La première transmission du trône sous la dynastie fondée en juillet, surtout dans les circonstances qu’un affreux malheur nous a faites, sera assurément un évènement grave et dont la perspective doit naturellement influer déjà sur l’attitude et les plans des divers partis constitutionnels ; mais que les légitimistes considèrent les conjonctures au milieu desquelles la même épreuve s’accomplit en Angleterre, et qu’ils disent s’ils ont autant de raisons d’espérer qu’en avaient les jacobites à la mort de la reine Anne.

L’affaire de la transmission du trône à la mort de la reine Anne a été à coup sûr la phase la plus critique qu’ait eu à traverser l’œuvre de 1688. Je disais tout à l’heure que les légitimistes anglais avaient conservé, même après la révolution, le prestige de leurs principes : ils ne renoncèrent pas, en effet, comme les nôtres, au dogme du droit divin ; cette croyance politique était si enracinée dans le pays, que, même au lendemain de l’expulsion de Jacques II, les whigs n’osèrent pas la heurter de front. Vous savez, monsieur, les ménagemens que les lords et les communes réunis en convention pour régler la question de la royauté après la fuite de Jacques employèrent pour éviter de toucher directement au vieux principe. Ils se bornèrent à déclarer que, Jacques « ayant violé les lois fondamentales et s’étant retiré du royaume, il avait abdiqué le gouvernement, et que le trône était devenu vacant. » Et, pour le remplir, il fut résolu, après de longs débats « que le prince et la princesse d’Orange seraient déclarés roi et reine d’Angleterre, » ce qui laissait intacte la question du droit héréditaire. Le règne de Guillaume, quoique les tentatives violentes des jacobites eussent été réprimées, fut loin de présenter un aspect rassurant. Avant la bravade par laquelle Louis XIV, à la mort de Jacques II, émut si vivement chez le peuple anglais la fibre de l’orgueil national, ce règne semblait devoir se terminer au milieu de l’affaissement des esprits et de la désaffection générale.

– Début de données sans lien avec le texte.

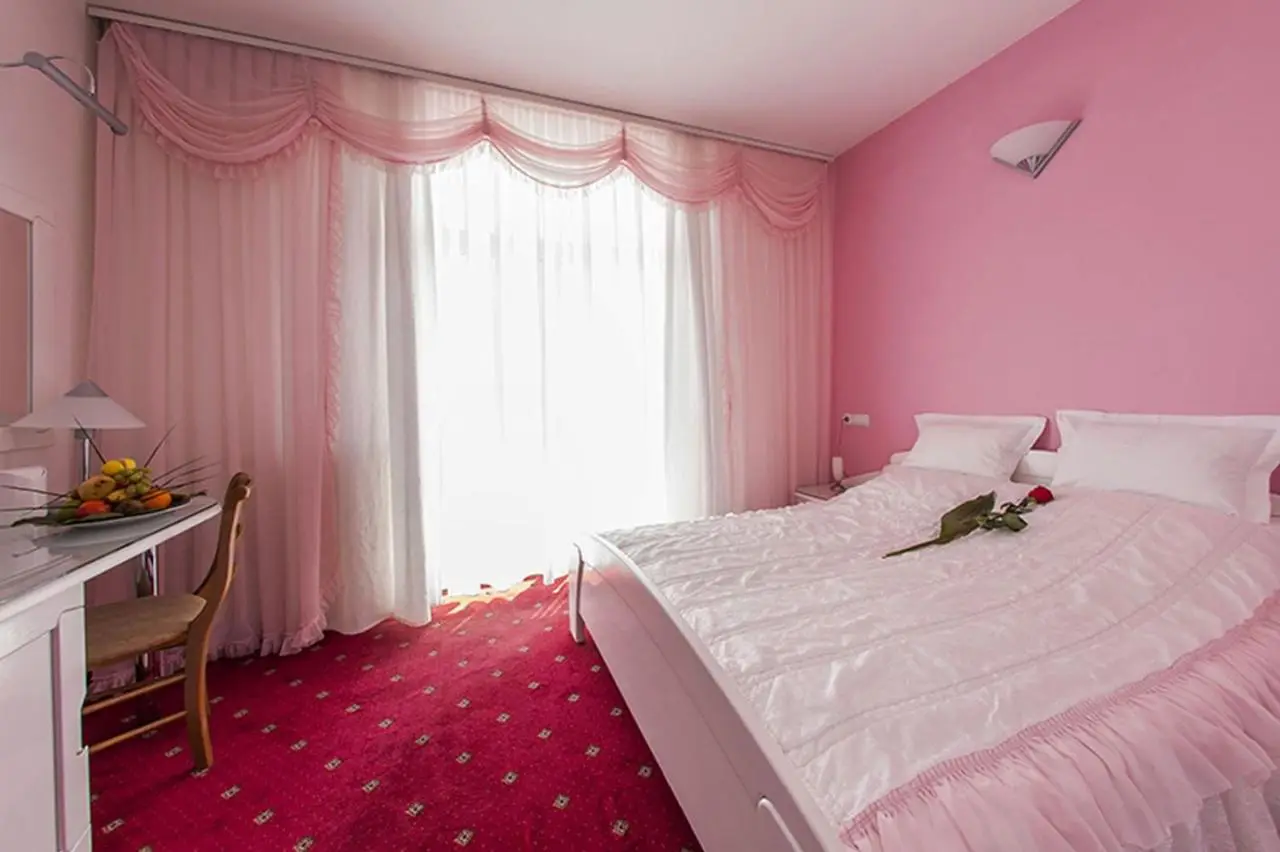 Hotel Senad od Bosne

Il semblait, comme l’écrivait au roi Guillaume le plus grand sans doute des illustres fondateurs de l’œuvre de 1688, lord Somers, il semblait « qu’un marasme mortel se fût emparé de la nation entière. » La ferveur patriotique qu’excita la guerre de la succession d’Espagne parut assombrir quelque temps l’avenir des jacobites ; mais les dernières années de la reine Anne ranimèrent leurs espérances plus brillantes que jamais.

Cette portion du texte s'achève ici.